* Task:
Somewhere below are a line with "Affiches Northwoods Pays Cabine" and a later line with "molecular formula C29H21N2O8P". Output exactly those lines and all lines between them.
─── Extracted material ───
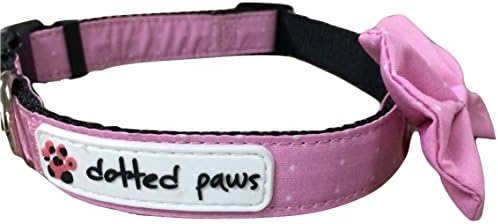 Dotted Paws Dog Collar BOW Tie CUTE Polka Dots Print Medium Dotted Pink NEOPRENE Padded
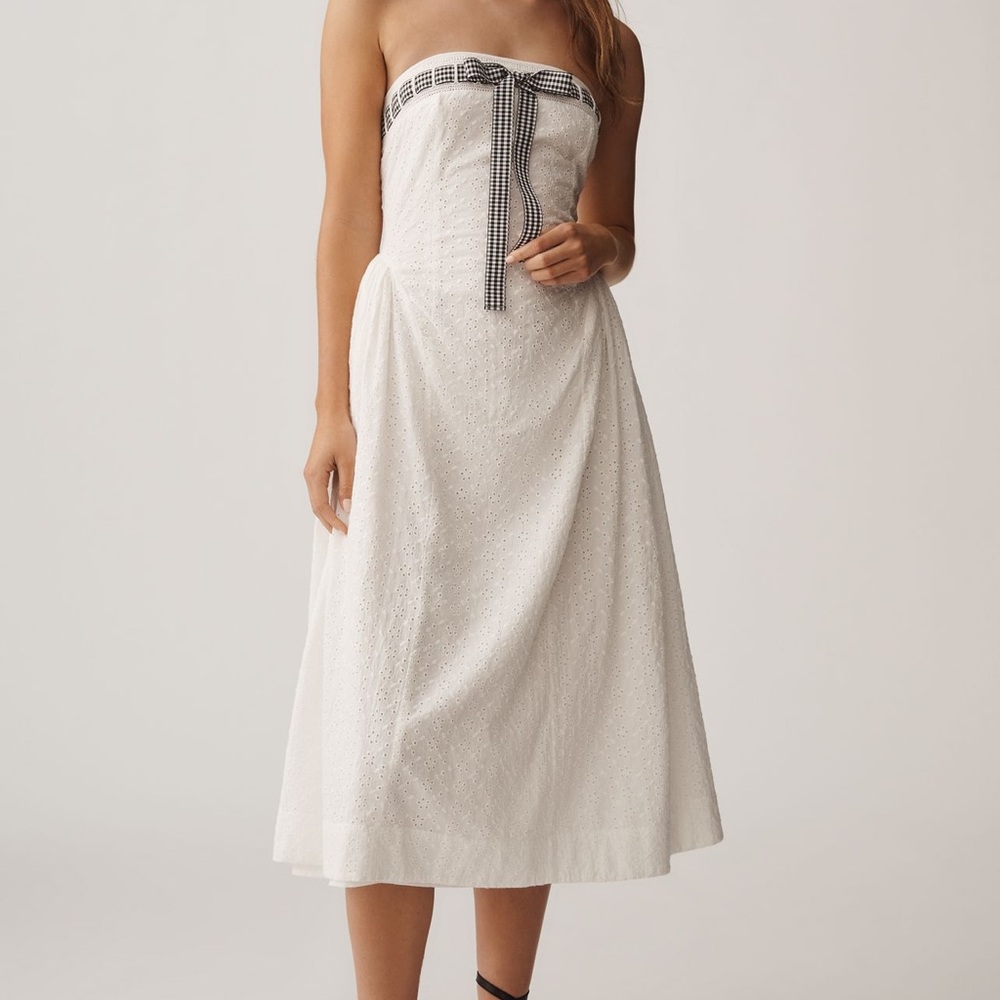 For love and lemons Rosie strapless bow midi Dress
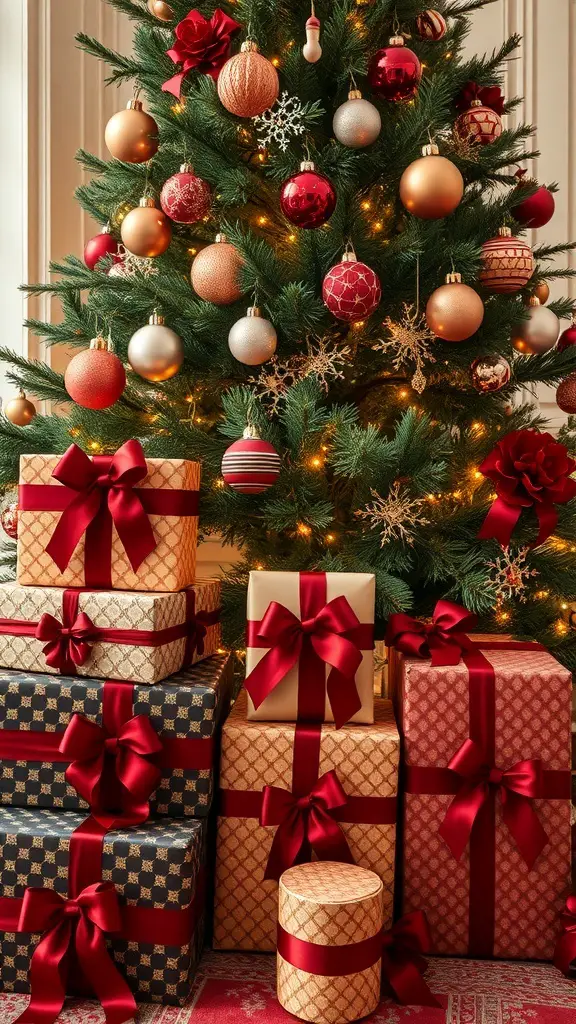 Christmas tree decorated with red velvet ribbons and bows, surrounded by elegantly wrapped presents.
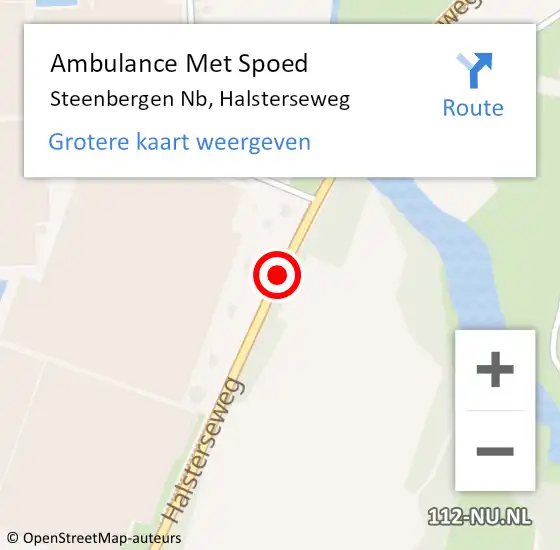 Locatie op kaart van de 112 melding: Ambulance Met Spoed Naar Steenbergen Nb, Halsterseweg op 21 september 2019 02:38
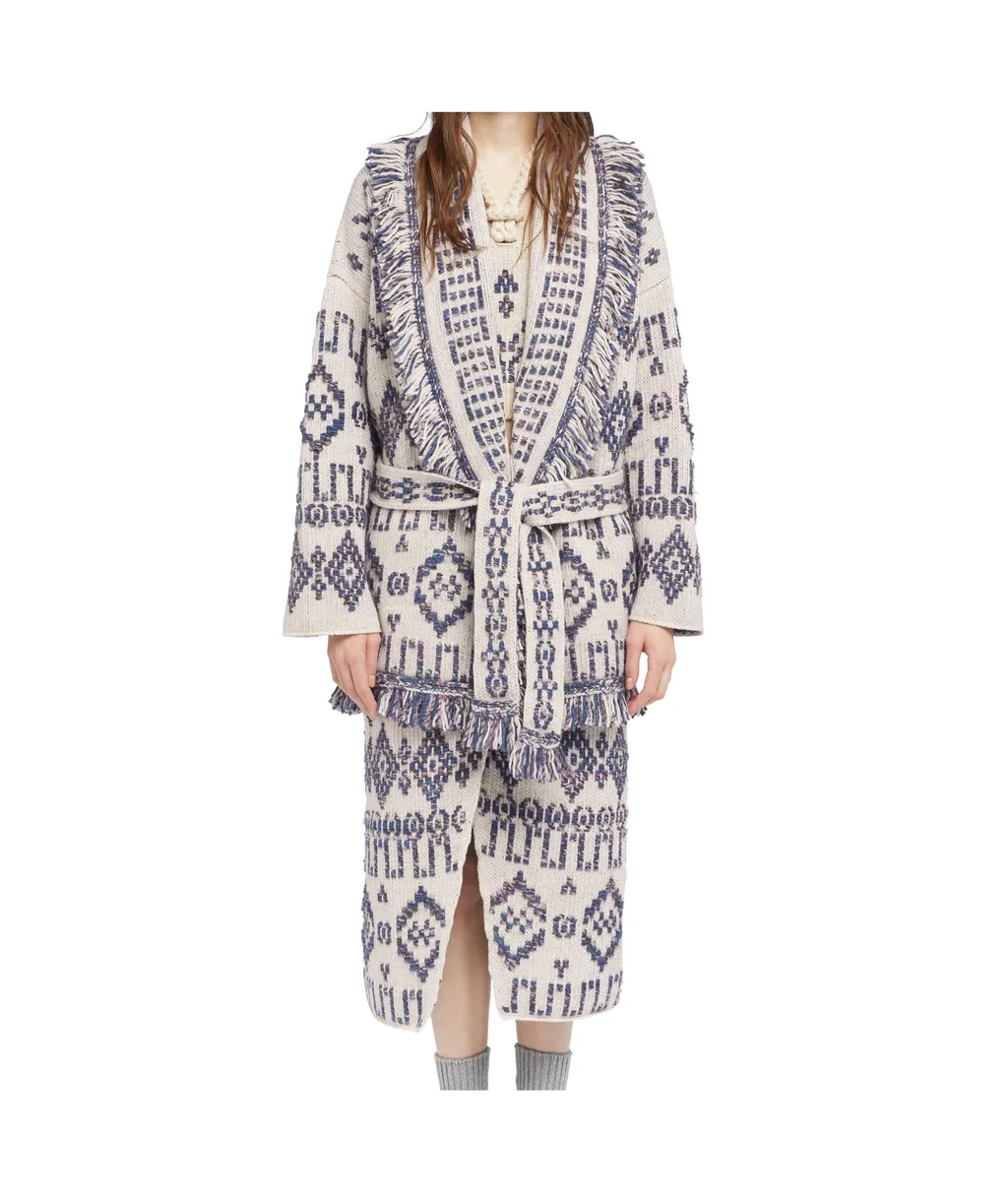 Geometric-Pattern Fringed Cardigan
───
─── Extracted material ───
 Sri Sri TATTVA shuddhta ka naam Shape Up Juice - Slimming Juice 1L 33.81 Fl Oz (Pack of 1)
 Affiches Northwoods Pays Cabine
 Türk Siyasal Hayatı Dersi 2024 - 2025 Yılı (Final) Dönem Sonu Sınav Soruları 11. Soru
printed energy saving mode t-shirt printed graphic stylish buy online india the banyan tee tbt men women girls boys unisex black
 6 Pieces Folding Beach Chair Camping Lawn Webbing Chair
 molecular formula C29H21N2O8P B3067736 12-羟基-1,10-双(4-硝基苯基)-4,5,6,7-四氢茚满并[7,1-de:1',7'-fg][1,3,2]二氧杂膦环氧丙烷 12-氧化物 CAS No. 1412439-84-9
───
─── Extracted material ───
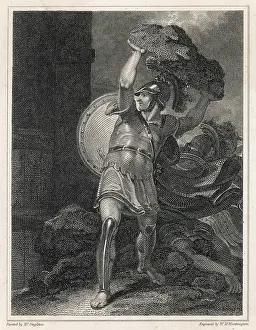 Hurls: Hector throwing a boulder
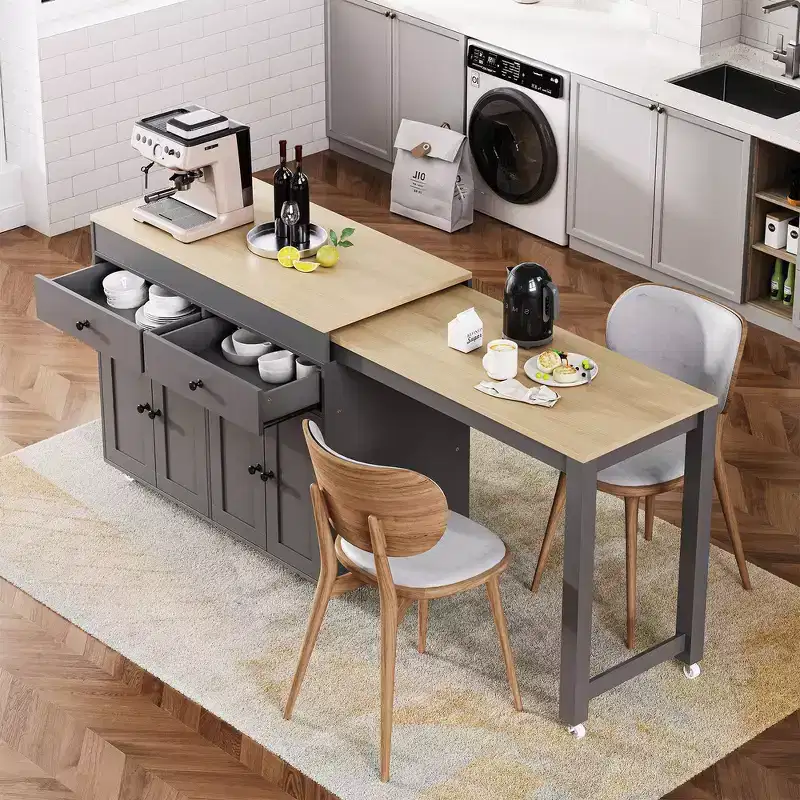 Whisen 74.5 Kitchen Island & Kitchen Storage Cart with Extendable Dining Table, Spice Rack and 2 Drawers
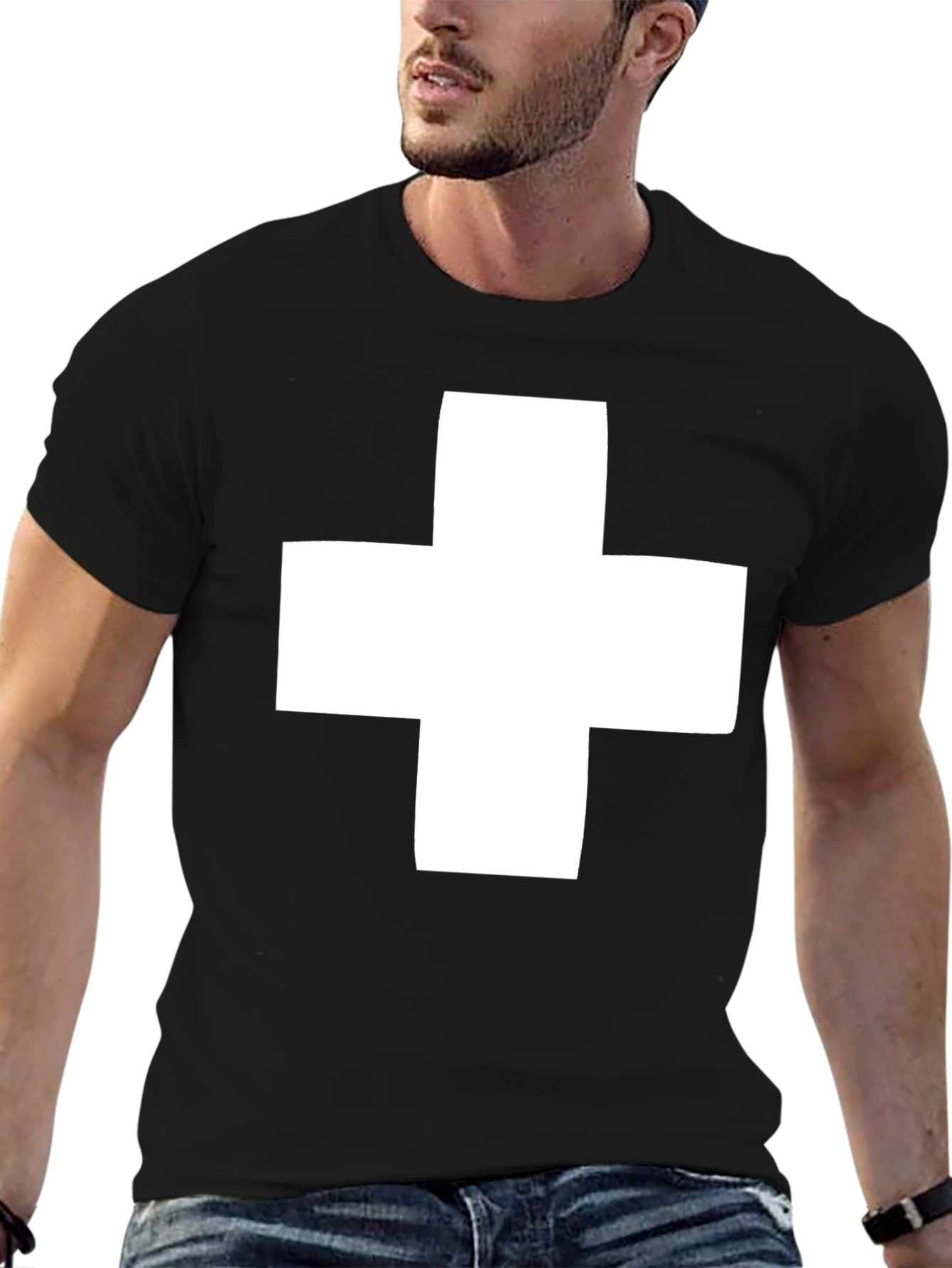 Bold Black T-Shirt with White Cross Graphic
───
* Completed task:
 Affiches Northwoods Pays Cabine
 Türk Siyasal Hayatı Dersi 2024 - 2025 Yılı (Final) Dönem Sonu Sınav Soruları 11. Soru
printed energy saving mode t-shirt printed graphic stylish buy online india the banyan tee tbt men women girls boys unisex black
 6 Pieces Folding Beach Chair Camping Lawn Webbing Chair
 molecular formula C29H21N2O8P B3067736 12-羟基-1,10-双(4-硝基苯基)-4,5,6,7-四氢茚满并[7,1-de:1',7'-fg][1,3,2]二氧杂膦环氧丙烷 12-氧化物 CAS No. 1412439-84-9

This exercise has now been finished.